Amir Johnson, who once signed a five-year contract with the Toronto Raptors that appeared to make him grossly overpaid, is a free agent once again. The Boston Celtics, for whom Johnson plied his skills the past two seasons, will likely let the 30-year-old forward go. And would you believe it: the Raptors could be interested.
That’s what the Sporting News is reporting anyway. Sean Deveney, citing “multiple league sources,” writes that there is “mutual interest in getting Johnson back onto the Raptors’ roster this summer.” While I’m not one to dispute (multiple!) league sources, I remain somewhat unconvinced.
For the past two seasons, Johnson’s role in Boston has gradually shrunk. He averaged 20.1 minutes per game last season in which he put up 6.5 points and 4.6 rebounds while gamely attempting almost one three per game (0.8). All of Amir’s numbers are declining along with his minutes load, and he’s now been in the league a whopping 12 seasons (he was one of the last players to make it to the NBA straight out of high school). Johnson’s best days are clearly behind him, is my point.

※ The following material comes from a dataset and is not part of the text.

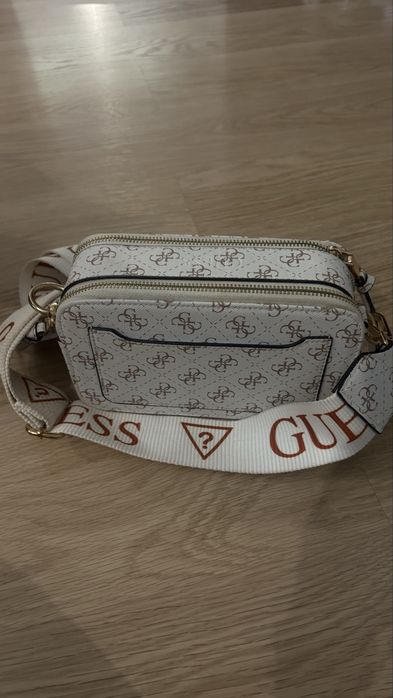 Сумка Guess з ланцюгом , жіноча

But then again, there’s something sentimental to consider here. Off the top I mentioned that large five year, $30 million contract because at the time it really did feel like then-Raptors GM Bryan Colangelo had just saddled Toronto with another aspirant player — not a guy who was actually good, but one we all hoped would be eventually, one day. This happened a lot back in those heady days of 2010 or so.
Except, somewhere during the run of that contract, Amir became just that: actually good. He toiled on bad teams, always providing what the Raptors needed — stout interior defense, a presence on the perimeter, an ungainly but effective touch around the basket, and even some outside shooting. The last year or so of Amir’s run with the Raptors was marred by injury, but he laboured away regardless. There weren’t a ton of bright spots in the Raptors-Wizards sweep of 2015, but Johnson putting up 18 and 12 in Game 1 on one good leg is a hard thing to forget.
The Raptors have to answer a ton of questions about their own existing stock of free agents before addressing others out there. Masai Ujiri has to figure out what to do with Kyle Lowry, then Serge Ibaka, and then P.J. Tucker and Patrick Patterson. Some of these decisions are obvious, others are not. He’s also got a trio of young forward-centre types (Lucas Nogueira, Jakob Poeltl, Pascal Siakam) who could presumably fill (or grow into) the role Johnson once claimed as his own. The need at power forward and centre is not as obvious in Toronto as it once was.
Still, while it feels unlikely Amir will re-sign with the Raptors — nostalgia does not overpower cold business sense — it is also unlikely he’ll command the $12 million salary he did these past two years. Maybe, with changes to the roster coming, and a potential need for a veteran at the right price, Toronto can bring back one of the most popular Raptors of all time.
What do you guys think of a possible Amir Johnson return?